This is actually a strong argument for tau.

The sin wave measures the height of a circle at the angle given in radians.
"Integer multiples of pi" don't immediately show you that there are two very
different zeros: one going up, and one going down. Using tau shows you that
explicitly: on half turns around the circle _sin(tau/2)_ , you're at 0 going
down; on whole turns _sin(tau)_ you're going up. You (literally) "come full
circle" with integer multiples of tau—those 0s are equivalent.

The argument is the same with e^(i * pi * x). See Section 2.3 on tauday.com
and the chart under "Eulerian Identities." Each integer increment corresponds
to a rotation in the complex plane.
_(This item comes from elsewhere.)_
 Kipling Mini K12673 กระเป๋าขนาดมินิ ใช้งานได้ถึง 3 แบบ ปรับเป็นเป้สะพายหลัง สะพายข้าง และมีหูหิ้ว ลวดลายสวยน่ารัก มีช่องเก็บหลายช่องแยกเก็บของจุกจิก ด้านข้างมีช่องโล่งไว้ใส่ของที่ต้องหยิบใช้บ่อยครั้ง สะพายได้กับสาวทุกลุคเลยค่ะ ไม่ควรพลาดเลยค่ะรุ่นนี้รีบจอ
The reason it's on the real line at 2, 4,
6 is because it takes two rotations to get back to the real line.

At 1 rotation ( _i_ ), you're fully imaginary; at 2, fully real, but negative;
3, fully imaginary again, but negative; 4, you're back where you started, real
and positive.

This is what it would look like with tau, and it's exactly what you expect:
[http://www.wolframalpha.com/input/?i=plot+e^%280.5*pi+*+i+*+...](http://www.wolframalpha.com/input/?i=plot+e^%280.5*pi+*+i+*+theta%29)

Elegance is not just whether something is "pretty," as in, _hey look,
integers!_ It's also whether it has strong meaning.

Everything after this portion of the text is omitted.